Nowadays, digital processes have become central in the development of animation. For us, it is highly significant that a special kind of animation that can be considered as artistic presides over this evolution. The need to achieve believable “hand-made” rendering effects has propelled the adoption of new technologies at traditional animation studios such as Studio Ghibli when they produced Isao Takahata’s My Neighbours the Yamada (1999), based on a manga by Hisaichi Ishii. Studio Ghibli wanted to replicate as accurately as possible the watercolours of the original stories. Achieving their goal of a realistically reproduced hand-made aesthetic facilitated a technological evolution at the studio, affecting all production stages in their following films and replacing traditional animation and cut-outs with 3D animation and 2D silhouettes. Further, Studio Ghibli’s achievements inspired other studios and filmmakers worldwide. The recent Spanish feature Chico and Rita (2010), by Oscar® award-winning filmmaker Fernando Trueba and graphic designer Javier Mariscal, is exemplary of the reasons animation is now a medium that has become more attractive for artists coming from other disciplines. In Chico and Rita, the main challenge was to keep the free style developed by Mariscal, in terms of the design of the characters and the intuitive and gestural strokes of painting used in the backgrounds, and adapt it to animation, using a rotoscope for the camera movements and the acting of main characters.

Nevertheless, though technical evolution casts a direct influence of the conception of “applied” or commercial work — such as cinema or videogames — in the case of artistic and independent animation these changes operate at a more practical level. In our interview with Michael Dudok the Wit (2010), he contends that “the [technological] evolution has clearly been affected on a superficial level by computers, but I’m not sure if it has been affected on a deeper level.”[vii] According to Dudok the Wit, digital technologies have revitalized animation production, resulting in crucial changes in artistic animation, most notably concerning the division of labour.  Digital technologies make it easier for singular individuals or a small animation team to produce quality films, artists are more present in each stage of the production process, which allows them to preserve their personal style. Animation artists have adapted themselves to the new production systems, without great difficulties, because, as filmmaker Isabel Herguera (2010) asserts, “eventually it is not the means you use, but what you have to tell.”[viii] Herguera’s sentiments are also reflected by other filmmakers, as we will outline in our next section.

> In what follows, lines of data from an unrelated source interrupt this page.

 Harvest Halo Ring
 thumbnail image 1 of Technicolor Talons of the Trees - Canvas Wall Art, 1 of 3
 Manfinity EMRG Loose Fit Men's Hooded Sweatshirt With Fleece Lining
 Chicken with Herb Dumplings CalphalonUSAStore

3.  The Artists Talk to Us: The Evolution of Artistic Animation in the Last Ten Years

This section examines the major changes in the animation production process that the increasing implementation of digital technologies has favorably caused. These conclusions have been collected from the testimony of directors in the field of artistic animation who kindly responded to our survey. These filmmakers are from different countries and age brackets, who nevertheless share the belief that animation production does not depend on the medium, but rather on what they wish to communicate. For these artists, the fundamental purpose of animation is to create the illusion of movement and personality in action, and as such, transcend the use of technologies, either digital or traditional. The advantage of digital technologies, however, directly impacts the process of animation in two aspects: production systems and aesthetic factors.

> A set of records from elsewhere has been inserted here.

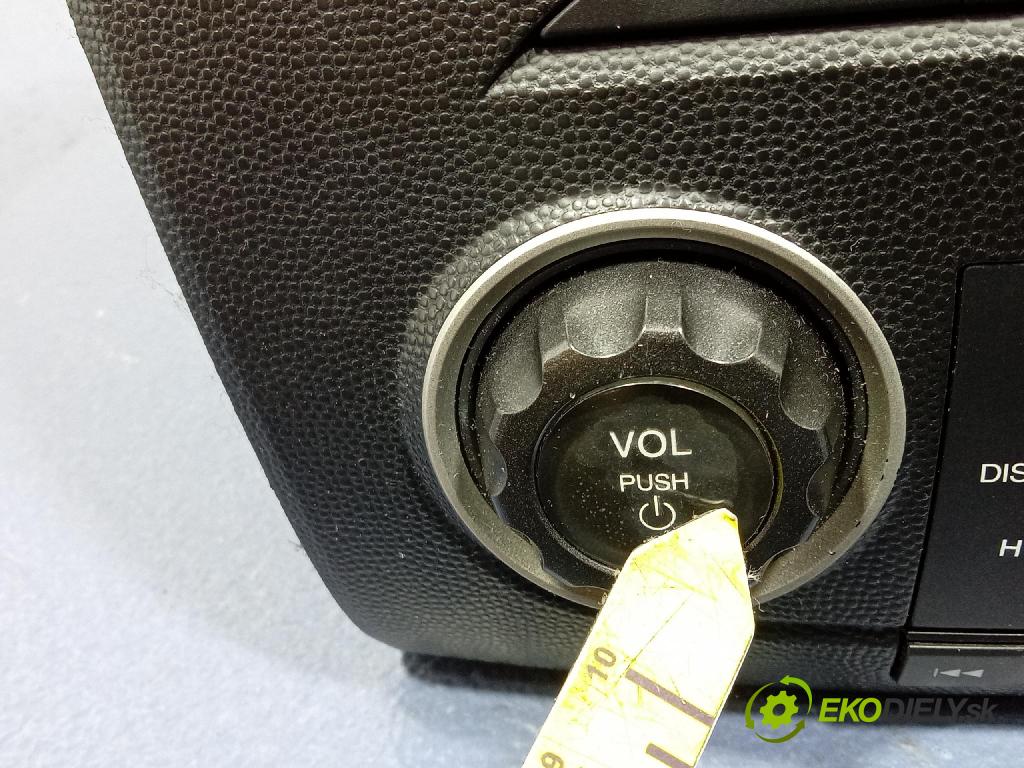 Honda Civic 2005 Radio I Navigace: 39100SMGG014M1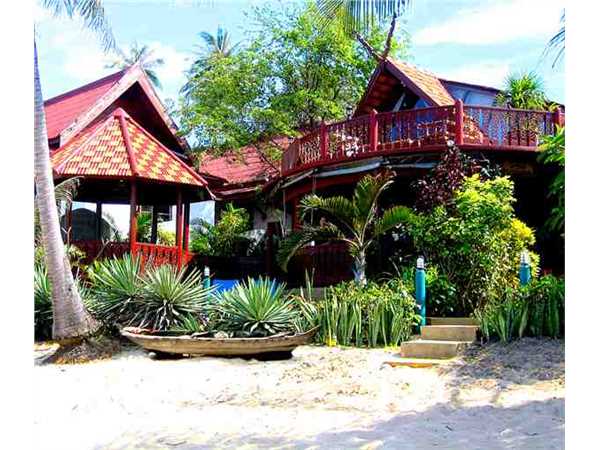 Ferienhaus 'Villa JFK - Haus R1 Coconut River' im Ort Bang Po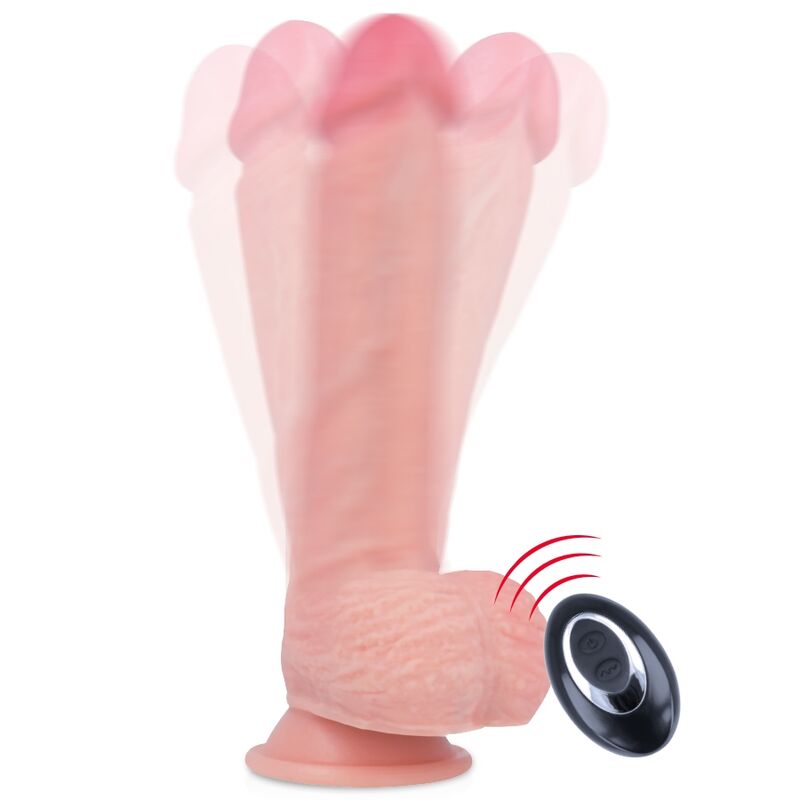 Rockarmy - Vibrateur en Silicone Liquide Télécommande Premium Apache 20.5 Cm -o- 4.62 Cm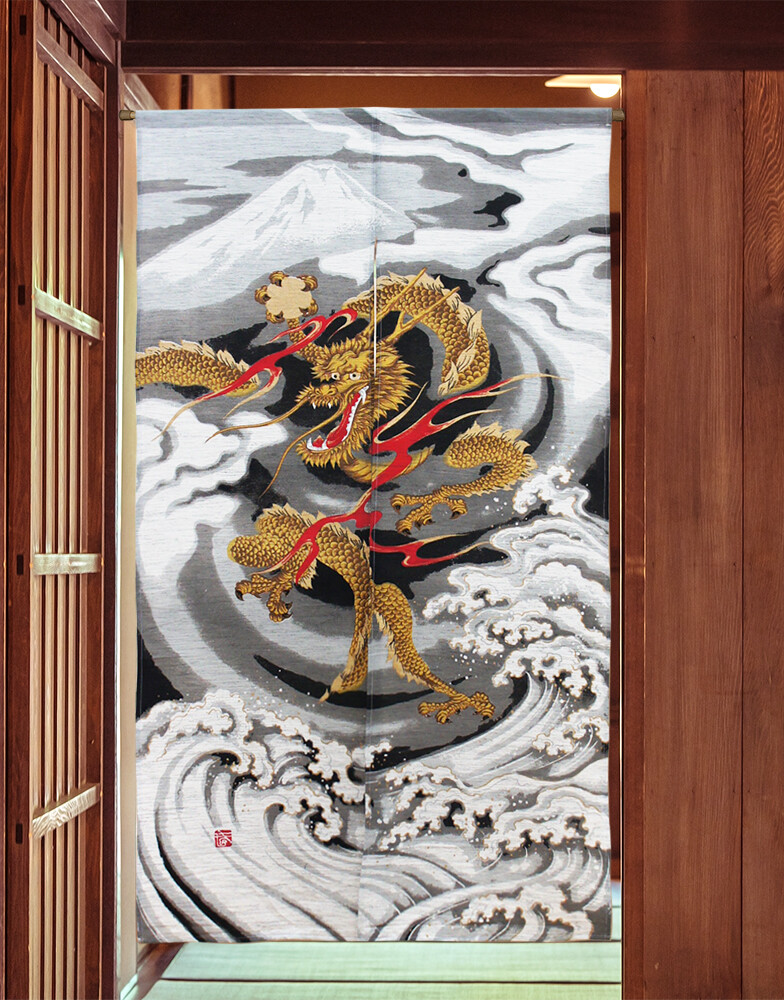 Traditional Chinese Dragon Fly - Noren Curtain Doorway review and price
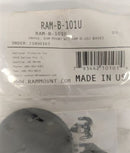 *Lot of 2* RAM® Universal Double Flat Surface Ball Mounts - P/N: RAM-B-101U (4665648676950)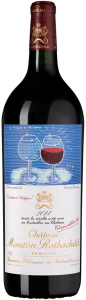 Шато Мутон Ротшильд Пойяк 0,75л красное сухое Вино. Франция
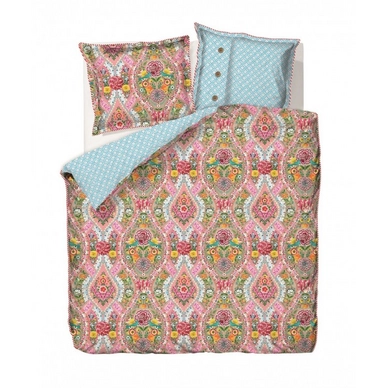 Taies d'oreiller PiP Studio Melody Khaki Percale (50 x 75 cm)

The digital revolution has invaded many facets of everyday life, and in the case of animation it has become a more flexible medium, expanding options for filmmakers. When we initially reviewed the artists’ opinions regarding this change, we concluded that the new digital tools have increased the development speed of any production process by reducing difficulties at all stages, but had the most significant impact by reducing overall production time. This reduction has substantially reduced the economic costs, and in this fashion, has made it easier for new filmmakers to produce their own films. When compared with earlier times, the most significant change in animation filmmaking processes affects how the workflow is conceived of — not the initial idea, but the production process, animation and image compositing. As Michaela Pavlatova (2010) puts it,

I don’t understand how we could work without computers. But we did it, quite successfully. We planned our work more carefully; we had ability to estimate the right timing, number of frames in a movement, in the entire scene, in a film. I lost many of these skills as I started using the computers; now you can test it, you can change it, make it again…[ix]

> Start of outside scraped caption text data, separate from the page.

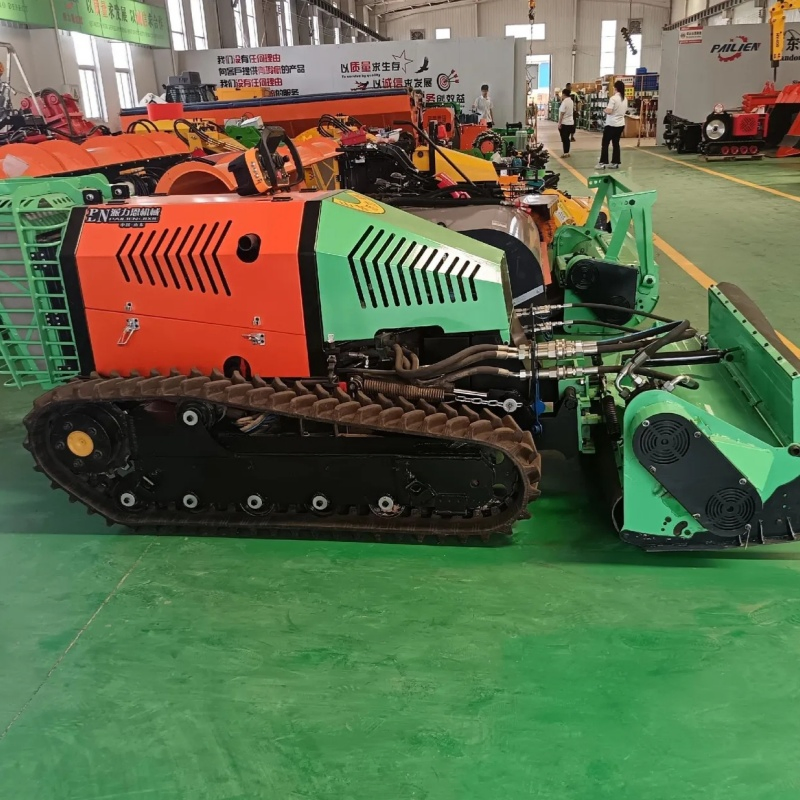 Робот-газонокосилка Pailien PLE-37 с гусеничным ходом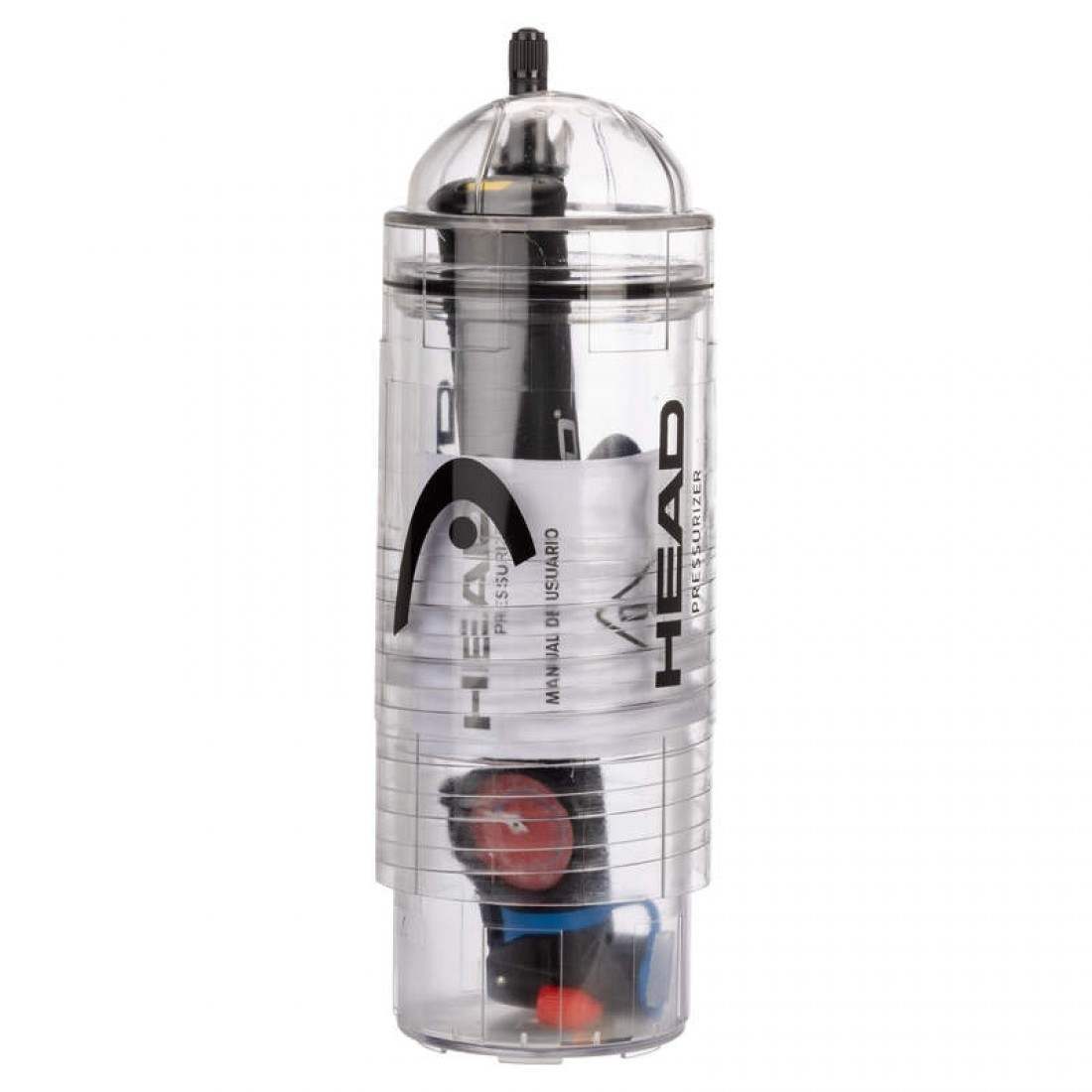 PRESURIZADOR DE PELOTITAS HEAD PUMP X3 + BOMBA PRESURIZADOR DE PELOTITAS PUMP X3 + BOMBA - Imagen 1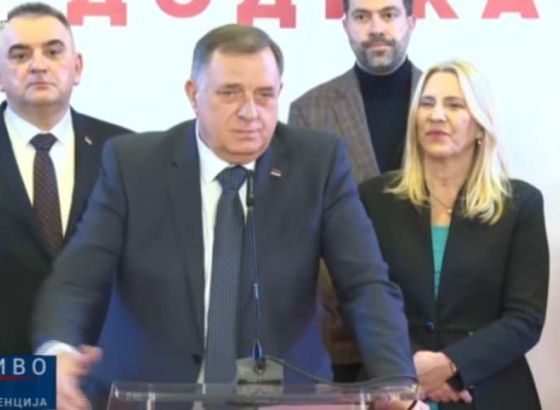 Sud u Strazburu odbio Dodikov zahtjev za obustavu presude o funkciji predsjednika RS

Pávlatová clearly refers to one of the main advantages offered by working with computers: the immediacy with which the results may be rendered and reviewed. Artistic animation has found a great ally in the potential for reviewing the rhythm, as well as the visuals and narrative aspects of a film as work on the film progresses. This has enhanced its formal aspect and the expressive gestures throughout the entire work process. In addition to promoting greater control over the process, continual review of the footage also facilitates improvisation and freshness, giving to the artist’s freedom for re-recording, adding, removing, etc.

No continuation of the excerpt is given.